Ödül gecesinin bu yılki onur konuğu ise Kadın A Milli Takım Teknik Direktörü Necla Güngör Kıragası oldu. Güngör Kıragası, “Spor sadece bir yarış değil. Önemli olan iyi insan olma çabasıdır. Kendi hayatımızı değerli kılmanın yoludur. Hele kadınsanız etkili bir hikaye anlatmak zorundasınız. Bir kız çocuğu topa her vurduğunda özgürlüğünü yeniden inşa ediyor. Olimpiyatta madalya alsanız da alamasanız da ertesi gün yeniden hiçbir şey olmamış gibi çalışmak zorundasınız. Zafer bir sonuç değil bir yoldur” diye konuştu.
Mustafa V. Koç Spor Ödülü Seçici Kurulu Prof. Dr. Aysel Pehlivan, Bağış Erten, Korhan Yamaç, ve Prof. Dr. Tennur Yerlisu Lapa’dan oluştu. Başkanlığını Koç Holding Yönetim Kurulu Üyesi Caroline N. Koç’un yaptığı jüride ise Koç Holding Yönetim Kurulu Başkanı Ömer M. Koç ve TMOK Başkanı Ahmet Gülüm bulunuyor.
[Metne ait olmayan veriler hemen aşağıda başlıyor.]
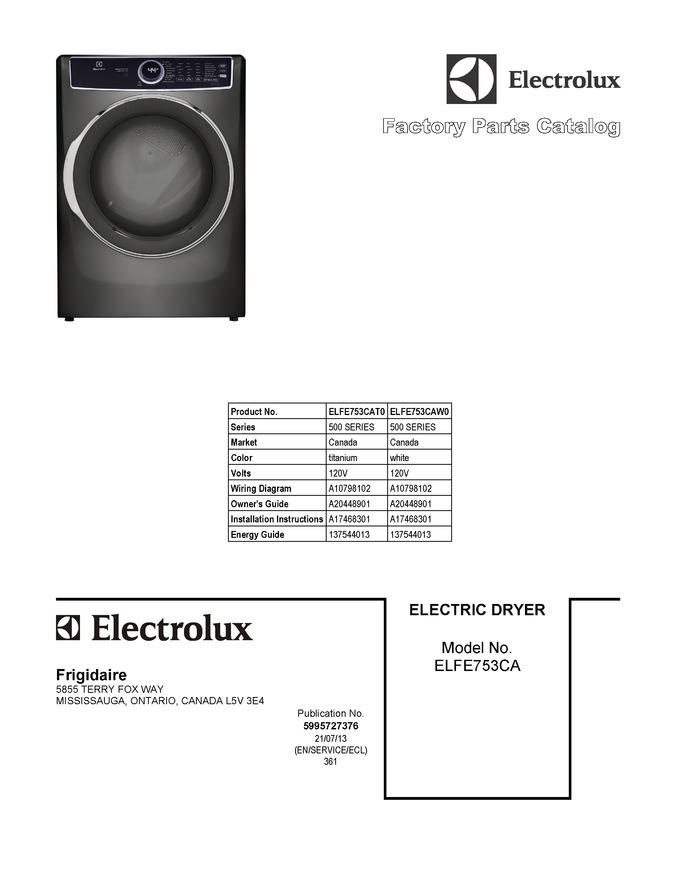 Diagram for ELFE753CAT0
TMOK Başkanı Ahmet Gülüm gecede yaptığı konuşmada, “Merhum Mustafa Koç ile henüz o hayattayken, ödülleri bizzat konuşmuştuk. Maalesef bu ödül törenlerini göremedi. Ama onun çok arzuladığı bir şeydi. Hatırasının bu şekilde yaşatılması ülkemizdeki spor kültürünün olgunlaşması için en güçlü araçlardan biri. Koç Topluluğu’nun Türk sporuna katkısı büyük. 1931 yılında merhum Vehbi Koç, Gençlerbirliği takımına verdiği destekle Türkiye’nin ilk spor sponsoru olmuştu. Türkiye olarak sporculara 3,5 milyar dolarlık yatırım yapıyoruz. Bunu yüzde 85’i yabancı sporcuların transferine gidiyor. Tam bu noktada gençlerimizin spora yöneltilmesi için iş dünyasına önemli bir görev düştüğünü söylemek istiyorum. 2027 Avrupa Oyunları İstanbul’da yapılacak. Bu 2036 Olimpiyatları için önemli bir adım. Rakiplerimizi yenip Olimpiyatı alabiliriz” şeklinde konuştu.
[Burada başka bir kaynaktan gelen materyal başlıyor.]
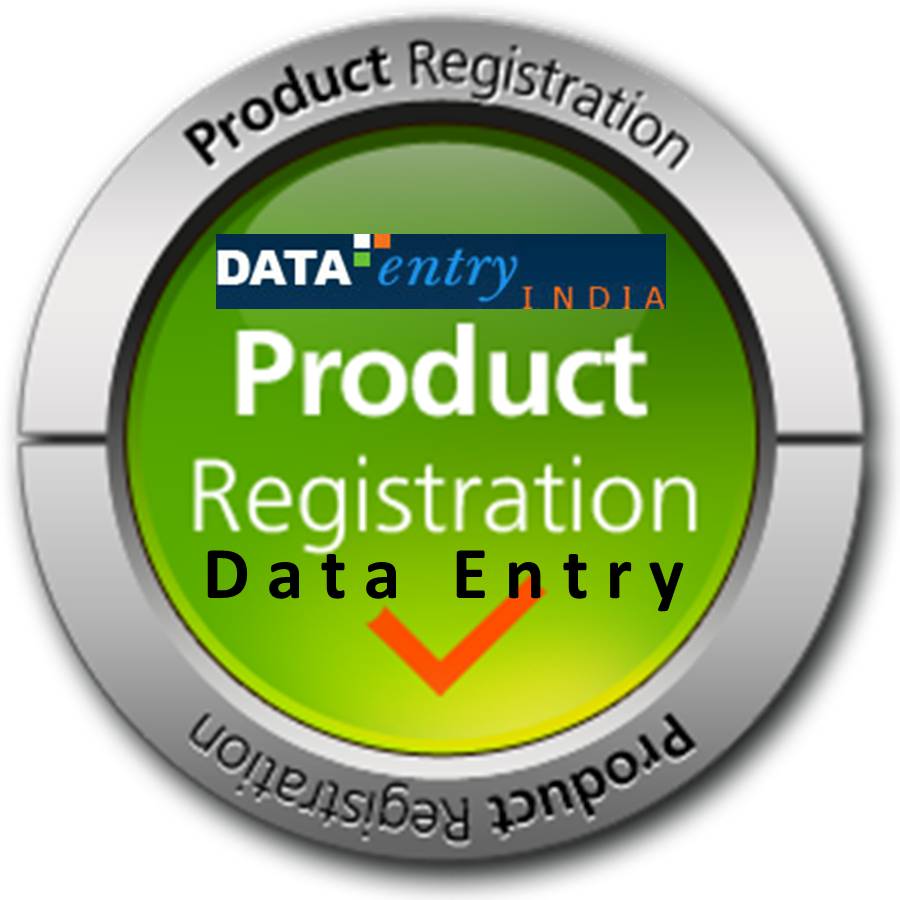 Product Registration Data Entry Services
Olimpik kategorinin kazananı milli eskrimci Dr. Enver Yıldırım, törende yaptığı konuşmada sporculuğun fedakârlıkla dolu bir yolculuk olduğunu vurguladı. Yıldırım, şunları söyledi: “Bazen ailemizi, sevdiklerimizi, ülkemizi geride bırakıp ay-yıldız uğruna paha biçilemez bir emek veriyoruz. Bu ödül için arandığım ilk anda kendi kendime söylediğim tek şey şuydu: “Birileri emeklerimizi görüyor.” 1995 doğumlu Yıldırım, Türkiye Eskrim Milli Takımı üyesi ve ABB EGO Spor sporcusu. Türkiye’ye erkekler kılıç branşında 52 yıl aradan sonra Olimpiyat kotası kazandıran milli sporcu, 2024 Paris Olimpiyatları’nda tarihi bir başarıya imza attı. Büyükler bireysel kategoride ilk Avrupa Şampiyonası bronz madalyasının da sahibi olan Yıldırım, 2025 yılında bireysel erkekler kılıçta gümüş madalya kazandı.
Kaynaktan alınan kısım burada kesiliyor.